Lauren Zapf: Changing The Dialogue For Women Vets

Lauren Zapf.

For post-9/11 female vets: 42% had PTSD symptoms.

According to the Department of Veterans Affairs, on September 30, 2015, the population of women veterans numbered 2,035,213. 

The stories of female vets don’t always get traction. In recent years, awareness of concerns like Military Sexual Trauma (MST) have received recognition, particularly through the documentary, The Invisible War.

There are individuals who make it into the public eye. Iraq veteran and Illinois Congresswoman Tammy Duckworth is an example. Yet, the leadership skills and experience that women accrue in the military frequently remain under the radar.

Lauren Zapf, a recipient of the Service Women’s Action Network (SWAN) Women Veteran Fellowship in Leadership and Public Policy, wants to change that. I interviewed her about the challenges facing women who have served in the military.

Zapf attended the United States Naval Academy in Annapolis, which accepted its first female “midshipmen” in 1976. She experienced “minority stress” while in attendance, a factor in her advocacy on behalf of those she identified as “underdogs.”

“When I left the Navy,” said Zapf, “people had negative ideas of women in the military.” In steps to re-calibrate those perceptions, Zapf has been speaking around the country at conferences. “I want to make sure that the American public gets a comprehensive view of what women experience.”

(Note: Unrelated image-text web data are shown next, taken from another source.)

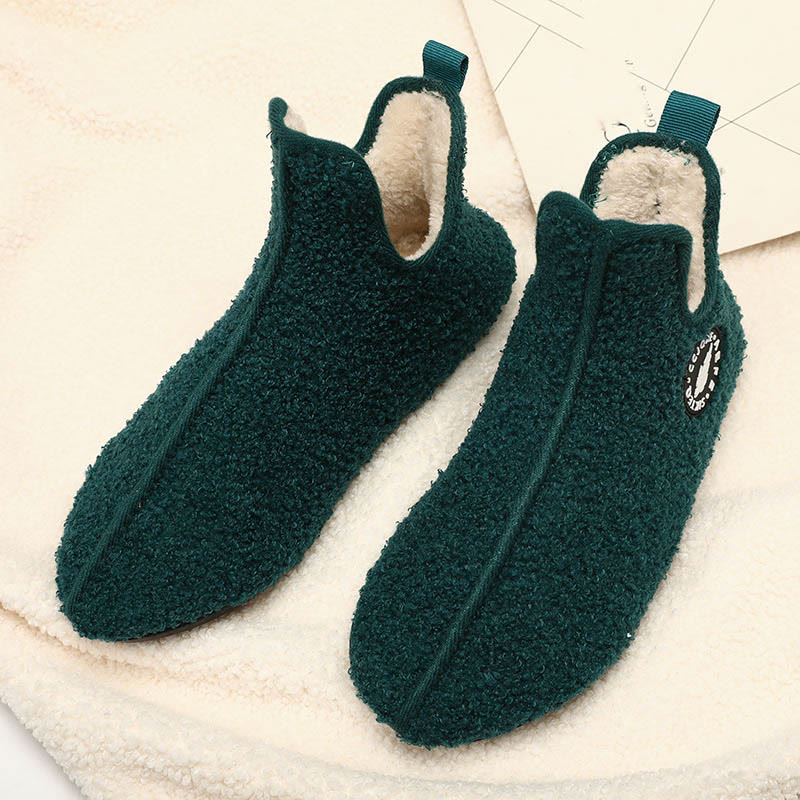Einfarbige Plüsch-Slipper-Socken in Übergröße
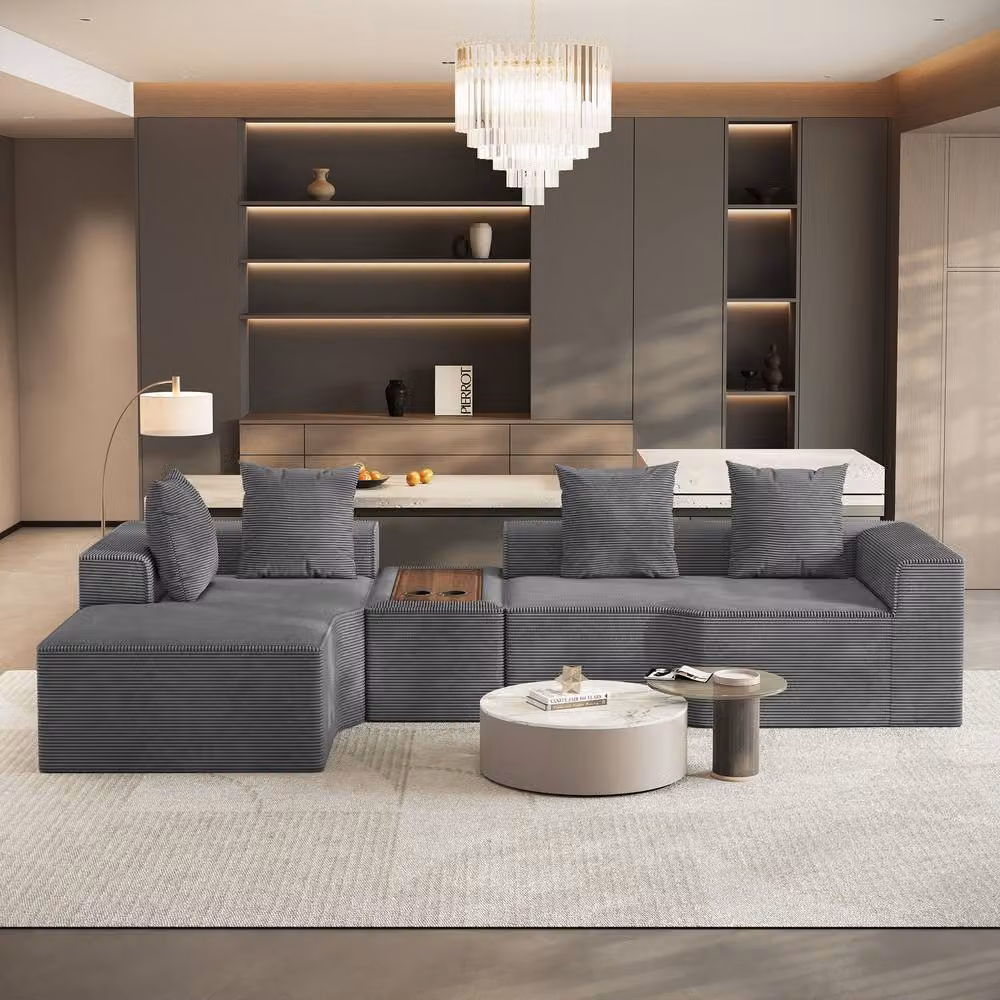 Dprodo Grey Corduroy Left L-Shaped Modular Sofa with Cup Holder Table and Scatter Cushions, 320 cm – 2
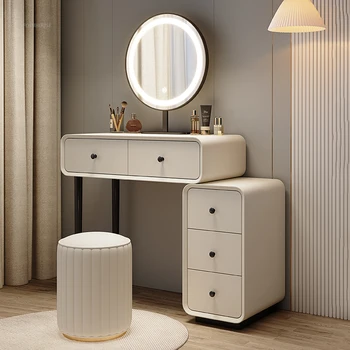 Модерен прост тоалетка с огледало, мебели за спалня, в малък апартамент, тоалетка, Нощни шкаф за съхранение, Вградено огледало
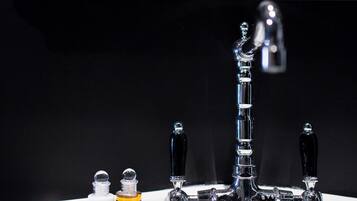 Secador de cabelo, toalhas de banho, sabonete, papel higiênico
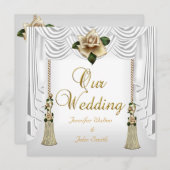 エレガントウェディングホワイトクリーム金ゴールドバラセット 招待状 (正面/裏面)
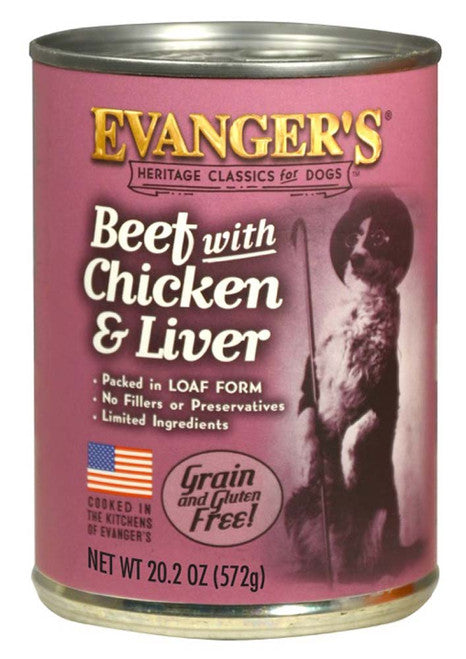 Evanger’s Heritage Classic Wet Dog Food Beef Chicken & Liver 20.2oz 12pk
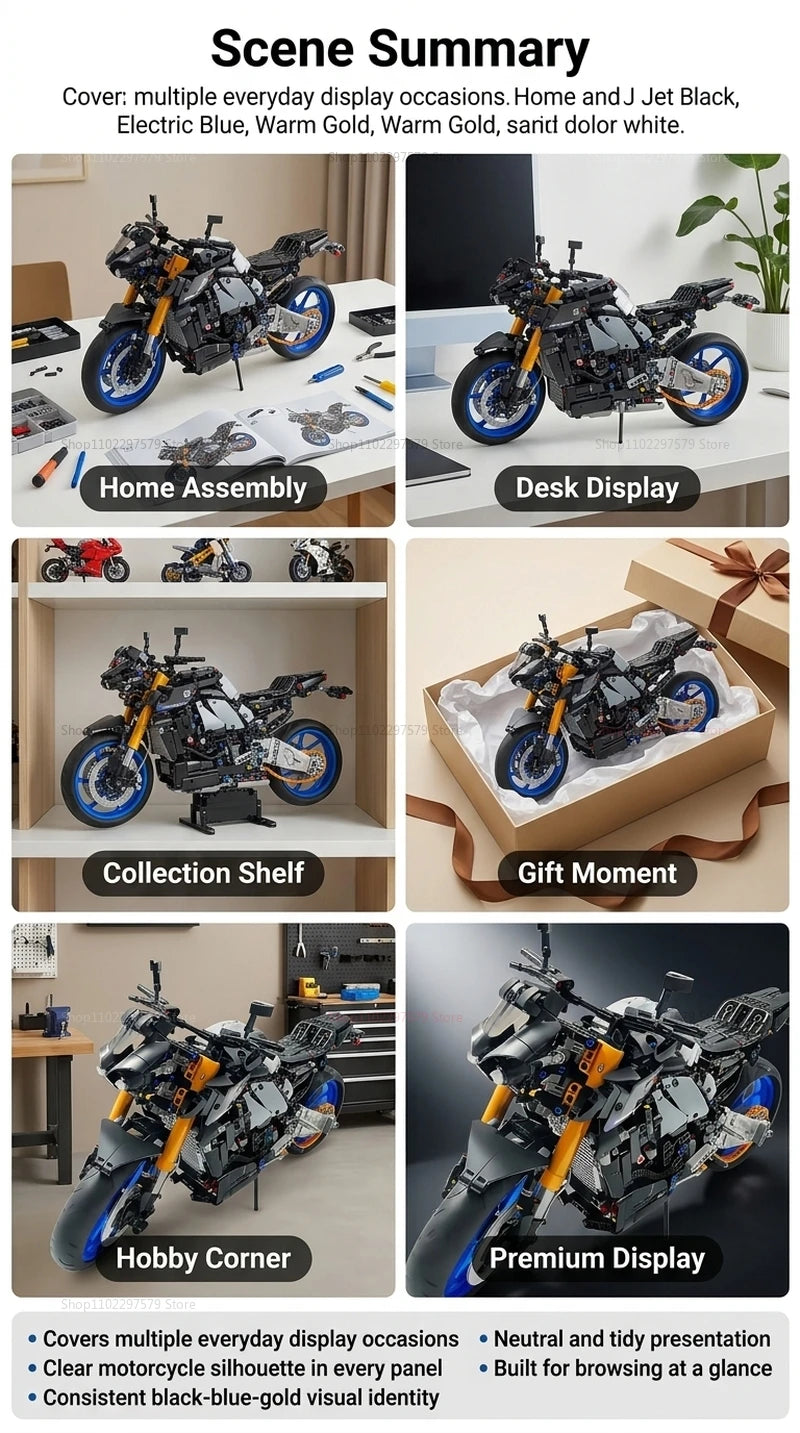 New 1478PCS Racing Motorcycle Building Blocks Kit for Adults DIY Speed Motorbike Model Educational Toy Gift Collectible for Boys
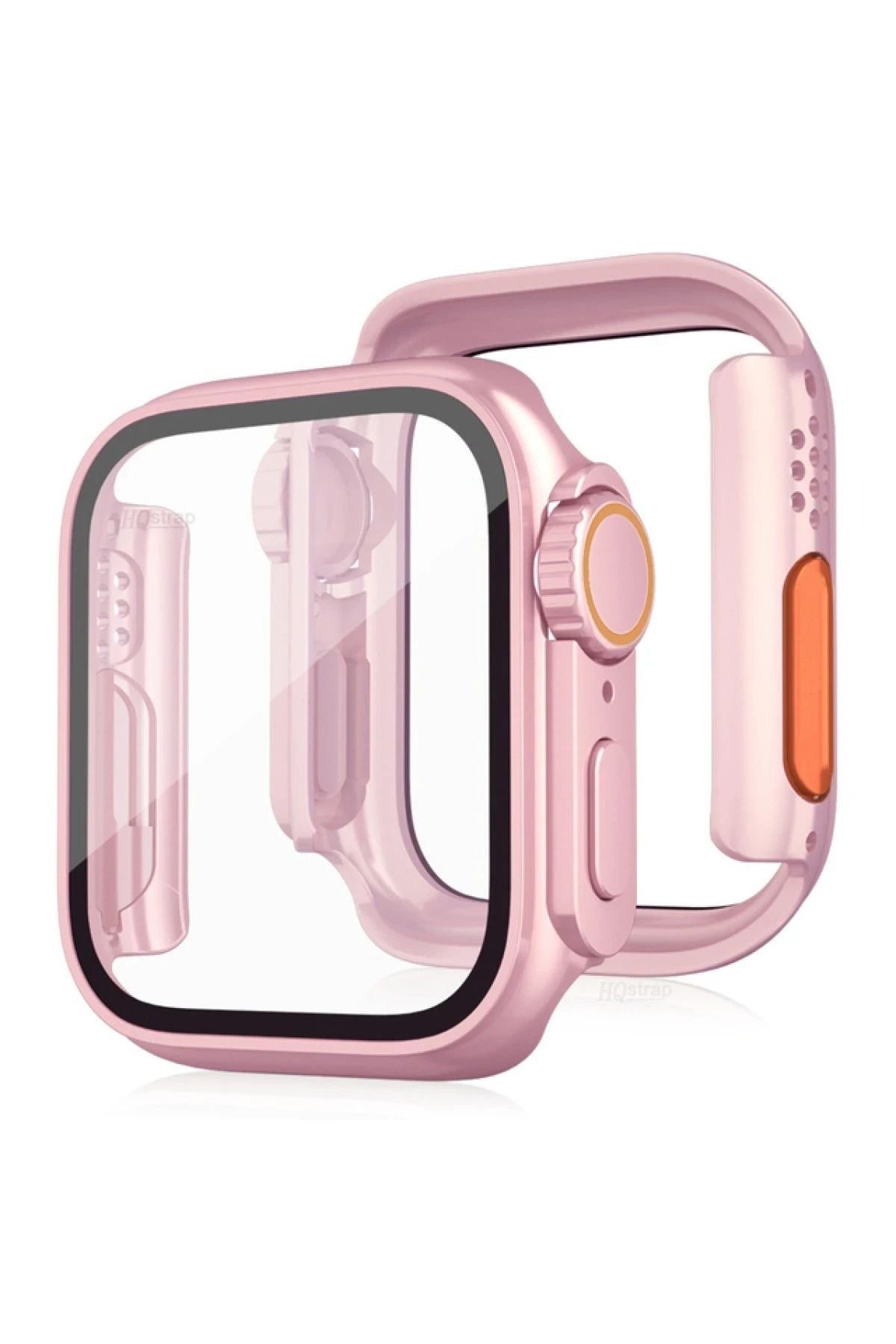 NewFace Apple Watch 45mm Watch 49mm Kasa Dönüştürücü ve Ekran Koruyucu - Rose Gold GLSTD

Zapf managed a weapons system during her final tour. A lieutenant, she had 12-20 people under her supervision. They were all men. “I felt like I missed out on leading other women,” Zapf noted. She held the assignment, and was clear that gender wasn’t a factor. “I was able to do what I needed to do,” Zapf said unequivocally.

“Women are under a microscope while we serve, and when we come out we are ignored,” Zapf emphasized. “When seeking employment women don’t necessarily speak about their military experience, because not all women self-identify as veterans.” Zapf added, employers don’t ask, so women fall through the cracks.”

Finding a job is particularly difficult for survivors of MST. “They are in constant crisis and don’t get the resources they need,” Zapf explained. According to Veterans.Inc, women vets face four times the risk of becoming homeless compared to their male counterparts.

Acute awareness of these topics led Zapf to investigate how “interventions” could be best tailored to assist service women. Her background as a veteran and a mental health care practitioner made her uniquely qualified to take on the task. Zapf has a doctorate (Ed.D.) in counselor education and supervision, and a master's in clinical mental health counseling. 

Zapf is putting into play a “holistic assessment” of the concerns that are endemic to women who have served. She maintains that the emotional and psychological wellness of women must be measured differently than men, and within their contextual circumstances. Zapf believes this approach will establish a stronger voice for servicewomen. 

A “comprehensive psychological” survey entitled the Service Women’s Assessment of Wellness and Reintegration; SWAWR) was initiated by Zapf. She created the tool to “benefit mental health professionals in accurately assessing the emotional, social, and spiritual wellness needs of service women seeking counseling.” Zapf identified “the most pertinent questions to ask,” in order to yield maximum results.

Zapf shared key points that she had presented in her doctoral dissertation, along with findings from the Pew Research Center on Post-9/11 Female Veterans and Their Experiences.

For post-9/11 female vets:

  • 97% felt pride about service
  • 93% saw their experience as a maturing process
  • 87% reported increased self-confidence
  • 50% reported “strains in family relations”
  • 42% had PTSD symptoms
  • 43% had “difficulties readjusting to civilian life”

Zapf purposely noted both the positive and negative results from serving in the military.

Central to the construction of her questionnaire was Zapf’s inclusion of the concepts of “feminism and social justice” and “betrayal trauma.” 

Zapf addressed the inherent conflict between the “patriarchal culture” of the military, and the presence of women within. Just by partaking in the system, women are embodying a subtext of pushing back against traditional gender roles.

Betrayal trauma, which can apply to either male or female service members, is particularly devastating to women who have been the victims of sexual assault. They feel betrayed by the “institution” that was supposed to protect them. They lose trust in an organization that doesn’t validate their experience, and neglects to redress an aberrant situation.

The first iteration of Zapf’s assessment completed, the next step will be to expand the research sample. As the population of servicewomen continues to grow, it is essential that available resources be accessible and equal to the demand.

“I’d like to get this instrument out to as many clinicians in the field as possible,” Zapf said, so that practitioners have psychological insights based on “accurate populations cross-section.” She underscored the importance of service women being seen as “complex citizens.” 

Zapf reflected, “It’s hard for men and women in the service to be vulnerable, but it can be particularly hard for women to let their guard down.”

Jennifer Hogg, co-founder of SWAN, told me by phone, “Part of healing is being honest.”

Female vets must be recognized as contributing members of society, with valuable abilities and talents to bring into their communities. Zapf’s study to ameliorate the lack of responsiveness to the pressures women veterans face is an excellent way to start.